== Try it ==
In the records below, the lines between the one holding "Jouet anti-stress souple" and the one holding "Michael Kors Women's", inclusive, are to be transcribed exactly; no pictures are to be included.

== Data for this exercise ==
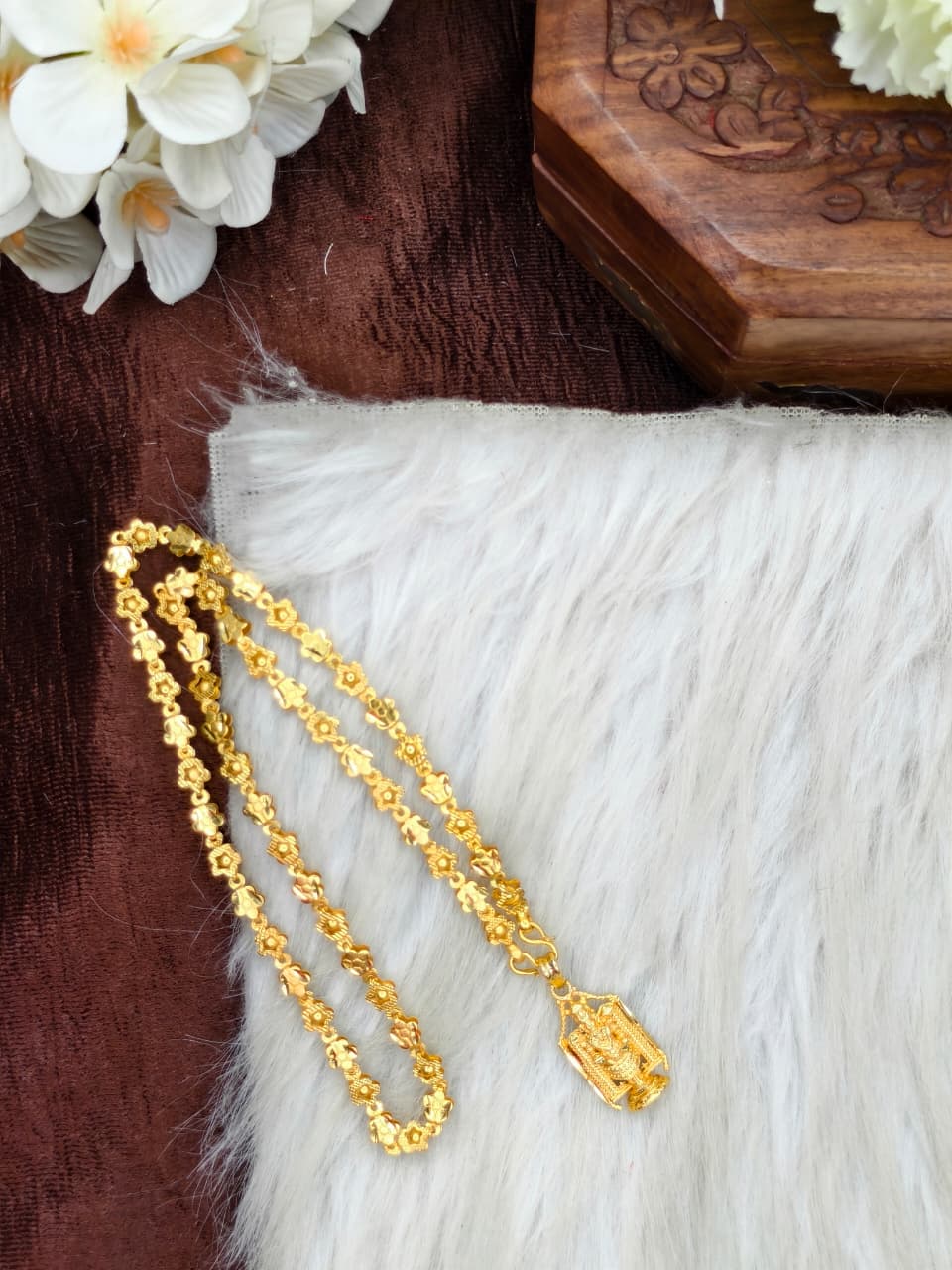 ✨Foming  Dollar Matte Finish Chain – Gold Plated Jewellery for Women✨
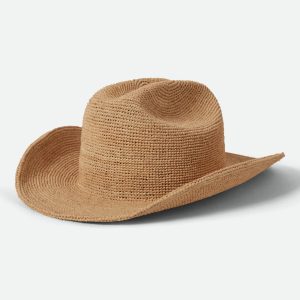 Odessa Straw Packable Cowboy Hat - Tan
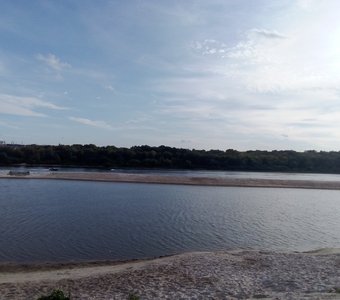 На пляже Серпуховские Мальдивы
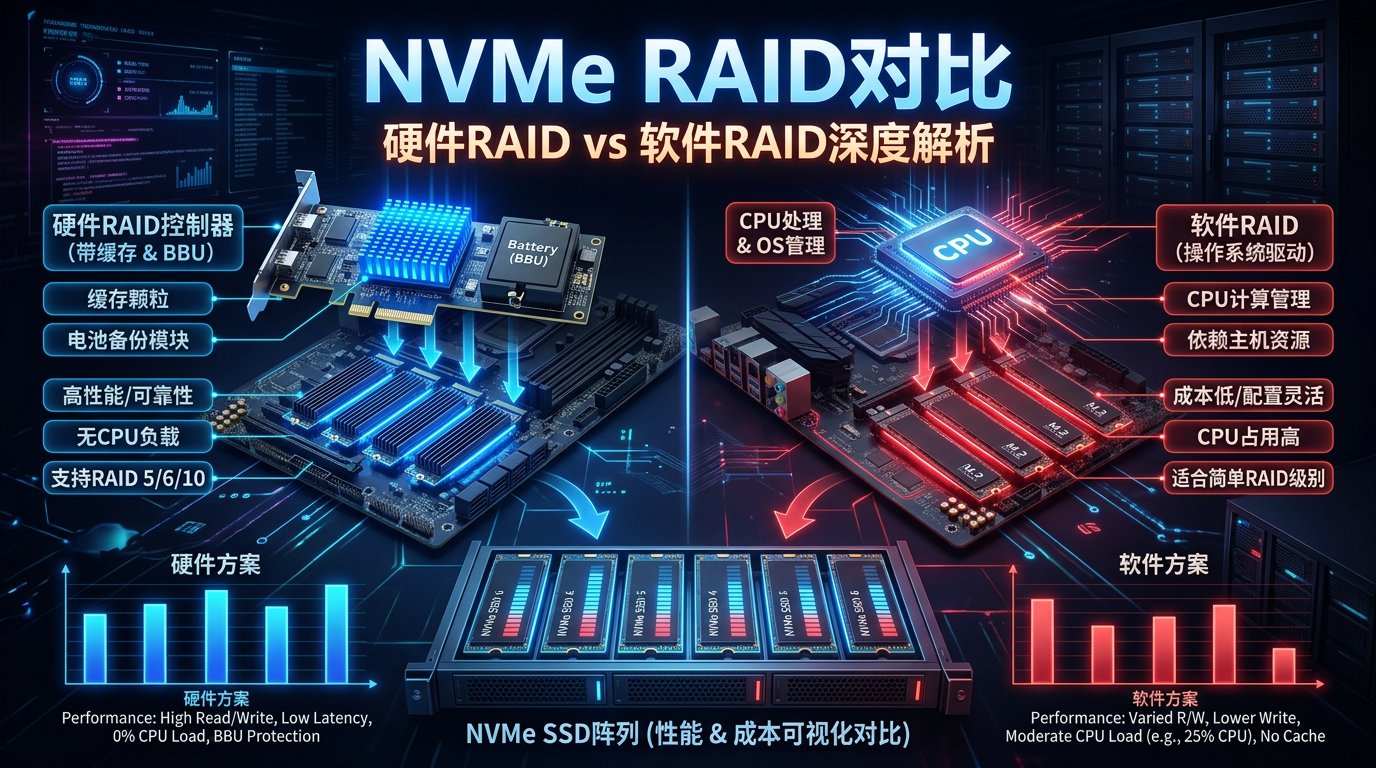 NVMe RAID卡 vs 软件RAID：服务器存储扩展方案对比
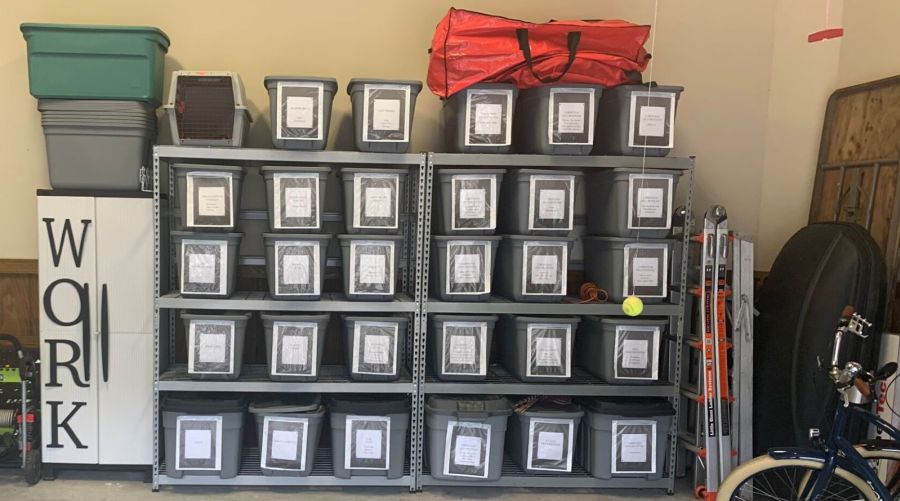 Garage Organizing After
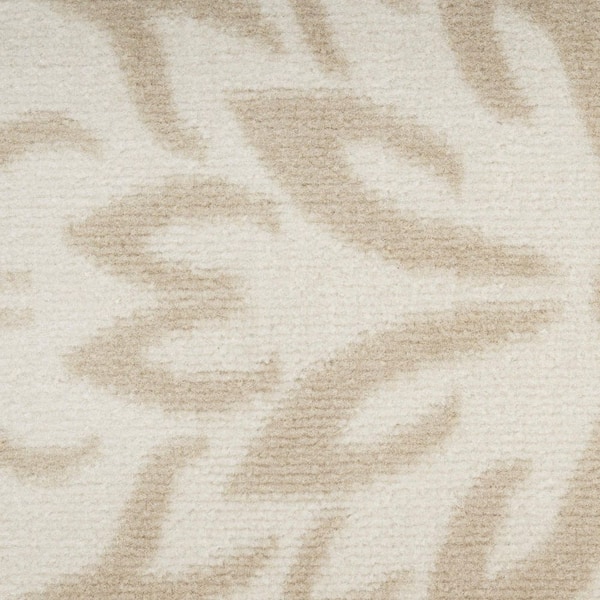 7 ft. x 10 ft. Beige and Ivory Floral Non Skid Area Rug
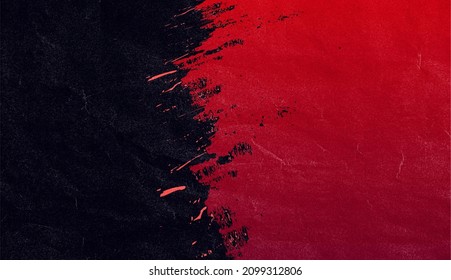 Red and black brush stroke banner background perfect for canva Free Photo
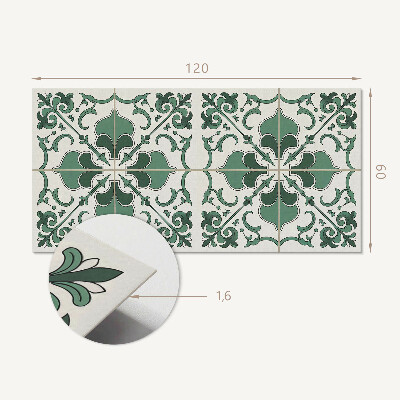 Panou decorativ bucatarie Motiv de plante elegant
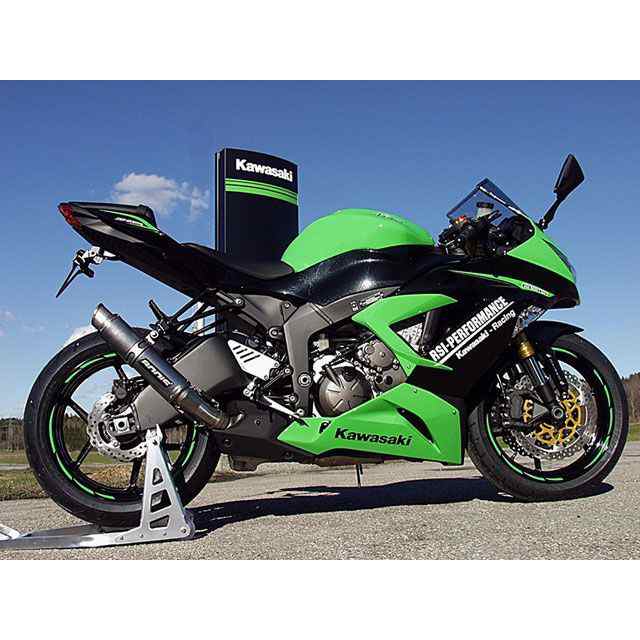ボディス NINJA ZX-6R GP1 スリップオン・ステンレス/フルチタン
==
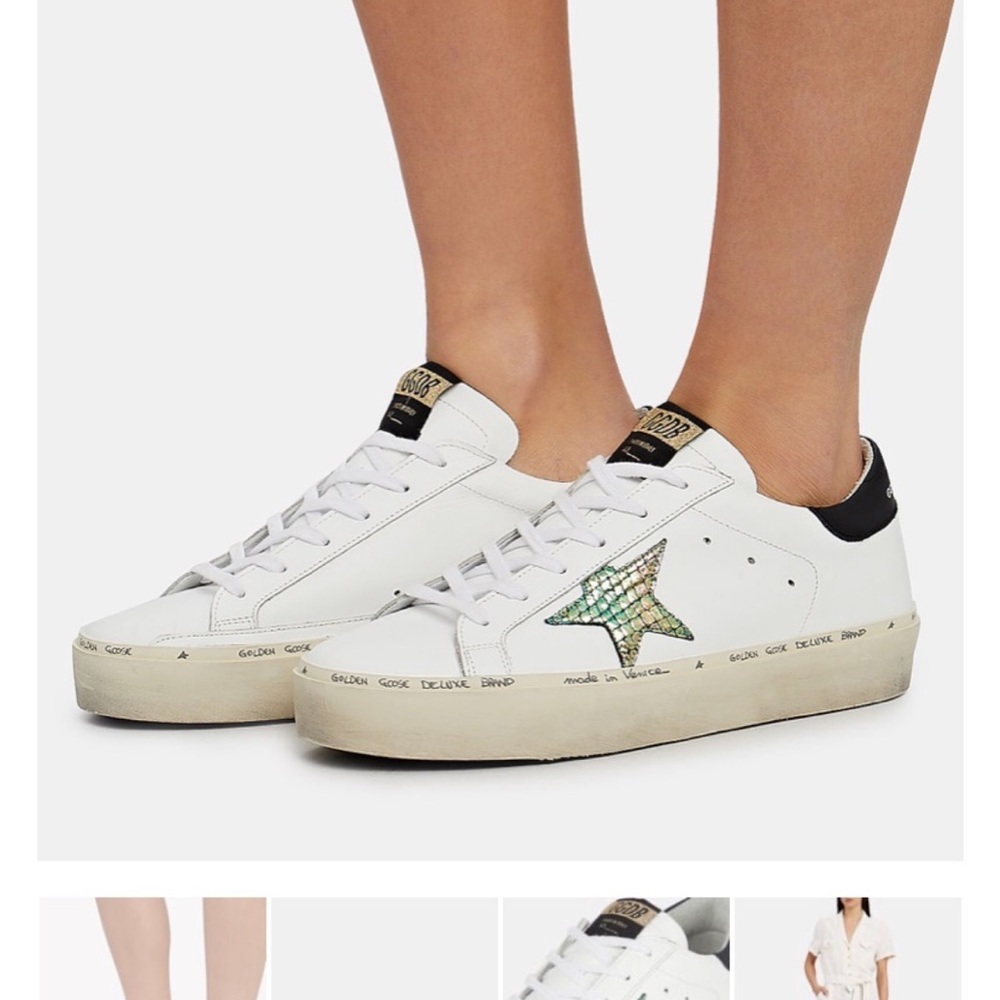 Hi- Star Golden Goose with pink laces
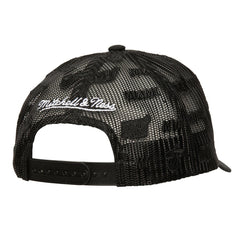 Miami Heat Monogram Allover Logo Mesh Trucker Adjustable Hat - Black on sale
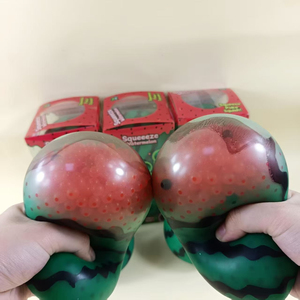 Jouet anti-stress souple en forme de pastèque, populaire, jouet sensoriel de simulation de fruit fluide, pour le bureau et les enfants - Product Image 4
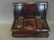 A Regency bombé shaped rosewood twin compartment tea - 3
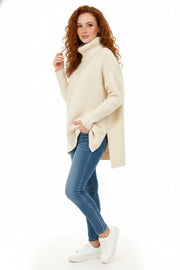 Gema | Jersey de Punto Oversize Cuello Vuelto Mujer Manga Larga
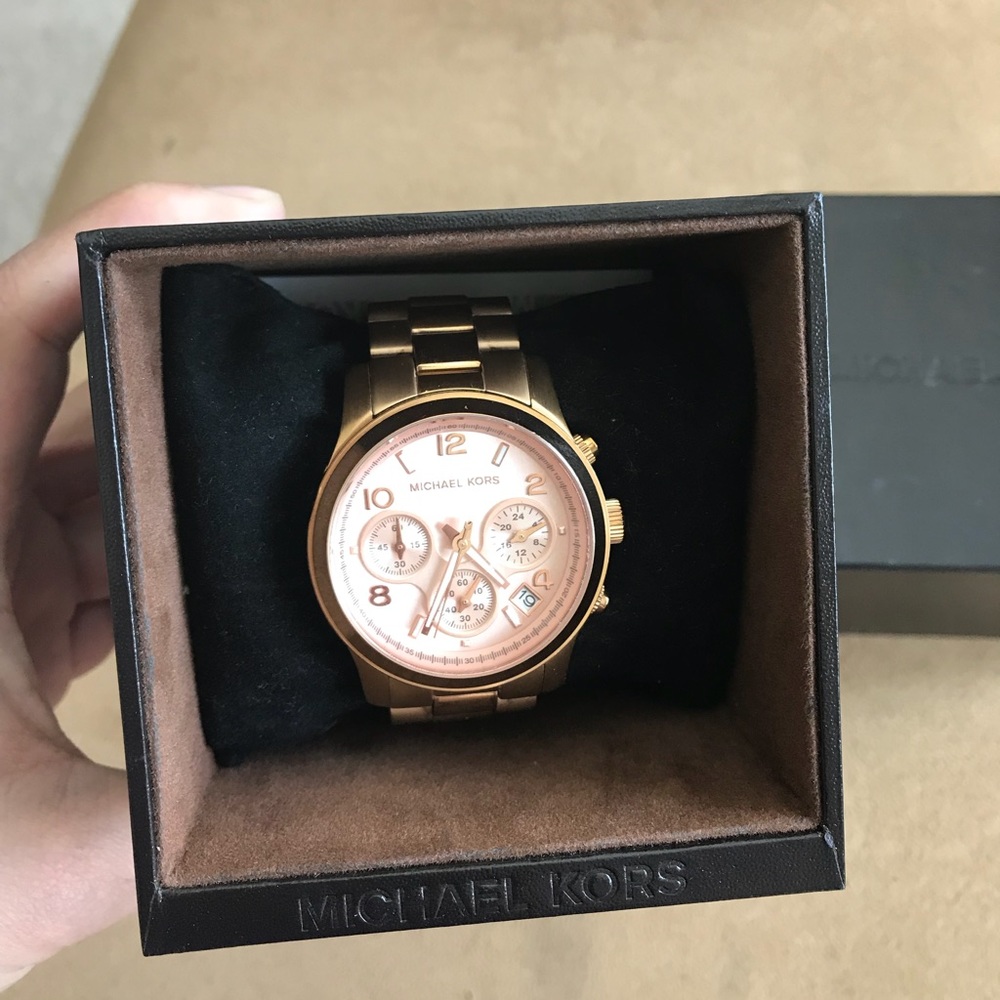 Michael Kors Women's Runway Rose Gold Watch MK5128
---
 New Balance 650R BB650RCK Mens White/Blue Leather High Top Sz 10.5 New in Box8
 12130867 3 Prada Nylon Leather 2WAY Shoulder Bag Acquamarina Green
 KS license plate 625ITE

== Answer section ==
 Jouet anti-stress souple en forme de pastèque, populaire, jouet sensoriel de simulation de fruit fluide, pour le bureau et les enfants - Product Image 4
 A Regency bombé shaped rosewood twin compartment tea - 3
 Gema | Jersey de Punto Oversize Cuello Vuelto Mujer Manga Larga
 Michael Kors Women's Runway Rose Gold Watch MK5128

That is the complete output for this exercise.